As of December 31, 2019, the Company has federal and California net operating loss (“NOL”) carryforwards of approximately $9.4 million and $9.2 million, respectively, which are available to offset future taxable income. Federal NOL carryforwards arising after 2017 of approximately $3.2 million do not expire. Federal NOL carryforwards arising before 2018 of approximately $6.2 million expire from 2033 to 2037. State NOL carryforwards of approximately $9.2 million expire from 2033 to 2039.

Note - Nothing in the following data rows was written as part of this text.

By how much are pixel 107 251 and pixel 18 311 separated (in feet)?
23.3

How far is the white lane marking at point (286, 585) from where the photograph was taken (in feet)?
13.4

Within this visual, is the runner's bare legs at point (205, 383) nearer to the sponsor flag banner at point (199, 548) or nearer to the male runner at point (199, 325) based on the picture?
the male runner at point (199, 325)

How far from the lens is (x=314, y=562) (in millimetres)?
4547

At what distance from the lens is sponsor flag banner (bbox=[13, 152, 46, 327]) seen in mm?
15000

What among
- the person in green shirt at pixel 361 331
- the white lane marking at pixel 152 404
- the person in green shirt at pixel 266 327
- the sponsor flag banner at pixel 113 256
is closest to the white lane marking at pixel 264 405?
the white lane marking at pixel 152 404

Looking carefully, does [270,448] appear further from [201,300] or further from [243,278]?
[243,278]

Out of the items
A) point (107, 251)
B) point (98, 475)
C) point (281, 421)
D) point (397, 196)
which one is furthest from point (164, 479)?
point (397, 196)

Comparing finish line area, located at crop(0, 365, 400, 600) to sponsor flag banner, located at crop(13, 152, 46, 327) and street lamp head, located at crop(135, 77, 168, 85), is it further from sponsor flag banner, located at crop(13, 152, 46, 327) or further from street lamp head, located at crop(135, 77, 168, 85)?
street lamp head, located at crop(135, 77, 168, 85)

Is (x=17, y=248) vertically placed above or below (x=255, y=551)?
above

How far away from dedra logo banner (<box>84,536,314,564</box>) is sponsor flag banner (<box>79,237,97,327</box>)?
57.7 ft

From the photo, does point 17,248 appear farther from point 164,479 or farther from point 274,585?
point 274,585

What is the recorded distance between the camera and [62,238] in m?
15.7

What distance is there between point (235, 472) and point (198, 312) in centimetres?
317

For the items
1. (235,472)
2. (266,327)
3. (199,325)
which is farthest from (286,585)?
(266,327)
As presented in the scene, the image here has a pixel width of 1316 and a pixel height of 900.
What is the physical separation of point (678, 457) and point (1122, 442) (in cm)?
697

As of December 31, 2019, the Company has federal and California R&D credit carryforwards of approximately $0.4 million and $0.2 million, respectively, which are available to offset future taxable income. Federal R&D credit carryforwards expire from 2034 to 2039. California R&D credit carryforwards do not expire.

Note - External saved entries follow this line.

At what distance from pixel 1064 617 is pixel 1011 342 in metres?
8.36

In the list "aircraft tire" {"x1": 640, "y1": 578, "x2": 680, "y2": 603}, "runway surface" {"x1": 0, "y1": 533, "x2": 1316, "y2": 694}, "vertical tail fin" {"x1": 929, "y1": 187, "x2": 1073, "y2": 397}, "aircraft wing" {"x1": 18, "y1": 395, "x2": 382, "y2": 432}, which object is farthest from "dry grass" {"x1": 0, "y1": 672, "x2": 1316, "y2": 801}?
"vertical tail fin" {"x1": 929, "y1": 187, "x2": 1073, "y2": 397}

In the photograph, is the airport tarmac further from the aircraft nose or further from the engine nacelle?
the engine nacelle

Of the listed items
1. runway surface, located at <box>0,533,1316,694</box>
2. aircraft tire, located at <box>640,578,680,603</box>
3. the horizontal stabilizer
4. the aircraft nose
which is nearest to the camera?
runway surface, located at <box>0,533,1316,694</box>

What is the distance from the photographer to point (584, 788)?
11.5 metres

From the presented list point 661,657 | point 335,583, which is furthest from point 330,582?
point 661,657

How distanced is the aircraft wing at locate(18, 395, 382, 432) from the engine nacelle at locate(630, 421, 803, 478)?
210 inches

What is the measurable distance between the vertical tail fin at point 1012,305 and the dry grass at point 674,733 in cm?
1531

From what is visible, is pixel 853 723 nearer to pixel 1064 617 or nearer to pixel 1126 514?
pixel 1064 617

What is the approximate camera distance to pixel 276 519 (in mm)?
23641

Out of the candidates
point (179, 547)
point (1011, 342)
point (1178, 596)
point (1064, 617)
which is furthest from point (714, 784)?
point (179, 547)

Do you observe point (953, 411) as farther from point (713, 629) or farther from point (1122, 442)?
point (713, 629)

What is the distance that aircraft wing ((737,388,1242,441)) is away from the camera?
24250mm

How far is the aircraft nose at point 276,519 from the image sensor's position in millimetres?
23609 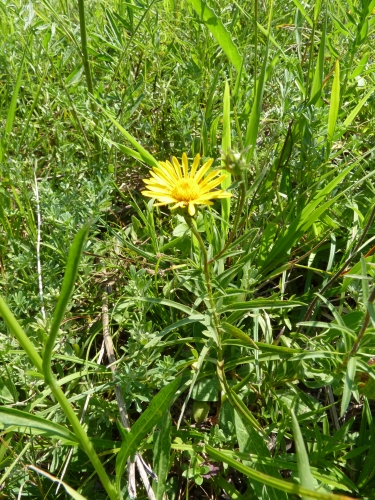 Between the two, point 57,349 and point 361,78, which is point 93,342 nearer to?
point 57,349

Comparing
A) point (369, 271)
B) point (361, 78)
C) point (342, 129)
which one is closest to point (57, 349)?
point (369, 271)

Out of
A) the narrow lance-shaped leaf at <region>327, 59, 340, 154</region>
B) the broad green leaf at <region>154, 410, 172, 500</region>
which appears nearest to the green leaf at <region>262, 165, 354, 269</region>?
the narrow lance-shaped leaf at <region>327, 59, 340, 154</region>

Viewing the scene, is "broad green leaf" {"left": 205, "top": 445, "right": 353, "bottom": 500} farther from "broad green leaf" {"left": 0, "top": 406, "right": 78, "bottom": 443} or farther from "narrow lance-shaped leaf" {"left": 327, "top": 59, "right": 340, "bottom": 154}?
"narrow lance-shaped leaf" {"left": 327, "top": 59, "right": 340, "bottom": 154}

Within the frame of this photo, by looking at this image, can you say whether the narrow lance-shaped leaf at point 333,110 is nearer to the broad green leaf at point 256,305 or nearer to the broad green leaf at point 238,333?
the broad green leaf at point 256,305

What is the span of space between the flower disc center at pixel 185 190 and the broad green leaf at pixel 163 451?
1.79ft

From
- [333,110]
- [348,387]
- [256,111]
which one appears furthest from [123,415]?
[333,110]

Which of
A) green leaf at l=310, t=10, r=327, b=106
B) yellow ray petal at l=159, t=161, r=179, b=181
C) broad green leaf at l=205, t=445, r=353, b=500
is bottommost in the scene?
broad green leaf at l=205, t=445, r=353, b=500

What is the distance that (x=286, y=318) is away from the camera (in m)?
1.46

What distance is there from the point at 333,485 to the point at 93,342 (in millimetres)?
849

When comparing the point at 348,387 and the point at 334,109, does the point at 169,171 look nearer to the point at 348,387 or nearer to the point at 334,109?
the point at 334,109

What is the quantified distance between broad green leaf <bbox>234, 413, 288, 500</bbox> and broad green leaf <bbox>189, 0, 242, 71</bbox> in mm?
1187

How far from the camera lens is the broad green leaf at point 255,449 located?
1163 millimetres

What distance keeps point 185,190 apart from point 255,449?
2.26ft

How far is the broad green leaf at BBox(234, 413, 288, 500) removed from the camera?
1163mm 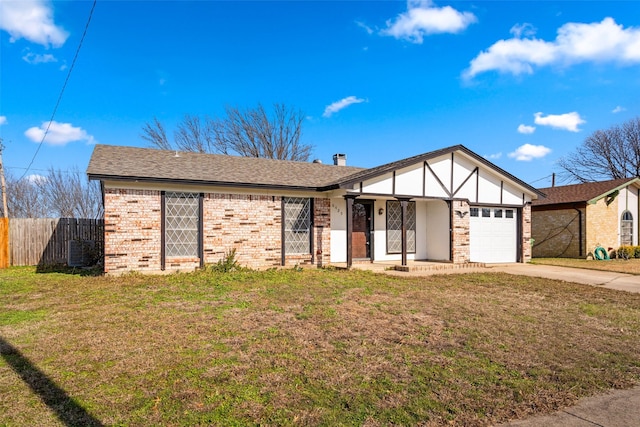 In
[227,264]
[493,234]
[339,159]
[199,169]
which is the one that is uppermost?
[339,159]

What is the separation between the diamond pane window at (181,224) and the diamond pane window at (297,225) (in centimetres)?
288

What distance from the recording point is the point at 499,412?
11.5 ft

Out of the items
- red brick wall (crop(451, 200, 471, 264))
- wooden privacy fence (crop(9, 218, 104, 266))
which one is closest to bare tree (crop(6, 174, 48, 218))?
wooden privacy fence (crop(9, 218, 104, 266))

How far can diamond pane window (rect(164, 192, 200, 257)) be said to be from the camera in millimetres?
11594

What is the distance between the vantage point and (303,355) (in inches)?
192

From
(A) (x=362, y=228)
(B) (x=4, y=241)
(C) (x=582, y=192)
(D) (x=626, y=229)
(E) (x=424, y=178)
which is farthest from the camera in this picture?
(D) (x=626, y=229)

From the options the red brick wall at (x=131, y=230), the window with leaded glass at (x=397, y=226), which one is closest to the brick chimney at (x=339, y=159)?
the window with leaded glass at (x=397, y=226)

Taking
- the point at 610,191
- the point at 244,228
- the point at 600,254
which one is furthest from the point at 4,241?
the point at 610,191

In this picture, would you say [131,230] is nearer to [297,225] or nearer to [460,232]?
[297,225]

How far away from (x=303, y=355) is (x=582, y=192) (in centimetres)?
2069

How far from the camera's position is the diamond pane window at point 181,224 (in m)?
11.6

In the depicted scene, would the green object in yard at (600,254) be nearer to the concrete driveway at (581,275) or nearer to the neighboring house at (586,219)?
the neighboring house at (586,219)

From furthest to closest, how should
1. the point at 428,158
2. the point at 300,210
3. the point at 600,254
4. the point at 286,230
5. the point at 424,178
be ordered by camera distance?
the point at 600,254
the point at 424,178
the point at 428,158
the point at 300,210
the point at 286,230

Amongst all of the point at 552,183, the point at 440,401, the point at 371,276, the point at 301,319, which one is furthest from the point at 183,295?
the point at 552,183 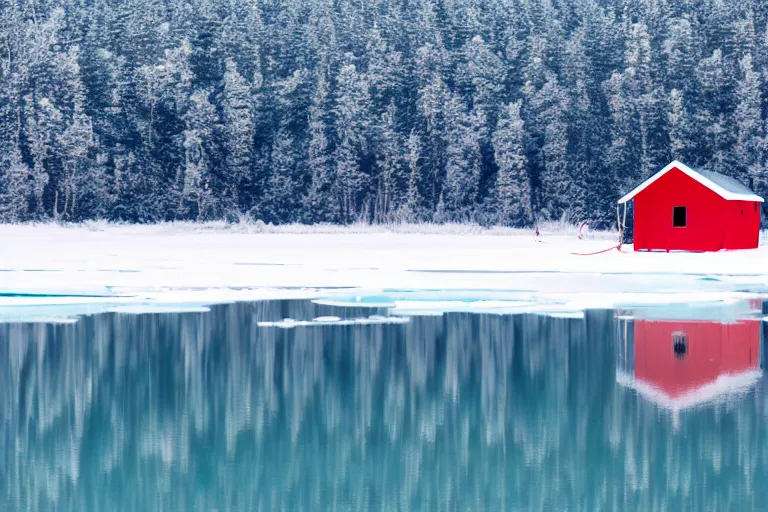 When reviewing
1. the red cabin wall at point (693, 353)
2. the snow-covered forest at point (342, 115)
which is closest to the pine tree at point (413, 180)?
the snow-covered forest at point (342, 115)

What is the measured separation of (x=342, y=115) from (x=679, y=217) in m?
34.8

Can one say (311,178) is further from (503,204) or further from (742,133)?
(742,133)

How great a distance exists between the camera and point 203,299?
22781 mm

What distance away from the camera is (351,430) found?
380 inches

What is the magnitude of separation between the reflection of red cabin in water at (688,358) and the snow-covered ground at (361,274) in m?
3.10

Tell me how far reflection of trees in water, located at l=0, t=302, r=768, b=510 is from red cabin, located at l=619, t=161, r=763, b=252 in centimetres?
3219

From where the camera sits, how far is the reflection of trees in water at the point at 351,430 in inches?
303

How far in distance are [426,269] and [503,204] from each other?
4321cm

The NOL carryforward may be subject to an annual limitation under Section 382 and 383 of the Internal Revenue Code of 1986 (the “Code”), and similar state provisions if the Company experienced one or more ownership changes which would limit the amount of NOL and tax credit carryforwards that can be utilized to offset future taxable income and tax, respectively. In general, an ownership change as defined by Section 382 and 383, results from the transactions increasing ownership of certain stockholders or public groups in the stock of the corporation of more than 50% over a three-year period. The Company completed a Section 382 and 383 analysis regarding the limitation of NOL and credit carryforwards from inception in December 2010 through November 4, 2019. The Company experienced multiple ownership changes for the purposes of Section 382 and 383 of the Code with the latest change in April 2017. The ownership changes did not result in the forfeiture of any NOLs or credits generated prior to this date. If a change in ownership occurs in the future, the NOL and tax credits carryforwards could be eliminated or restricted.
 
The Company recognizes a tax benefit from an uncertain tax position when it is more likely than not that the position will be sustained upon examination, including resolutions of any related appeals or litigation processes, based on the technical merits, and uncertain income tax positions must meet a more likely than not recognition threshold to be recognized. The Company recognizes interest and penalties related to unrecognized tax benefits within the income tax expense line in the consolidated statements of operations. As of December 31, 2019, and 2018, there are no uncertain tax positions recognized and therefore no accrued interest and penalties.
The Company does not anticipate a significant change in its uncertain tax benefits over the next 12 months. The Company is subject to taxation in the U.S. and California state jurisdictions. Due to net operating losses all tax years since inception remain open to examination.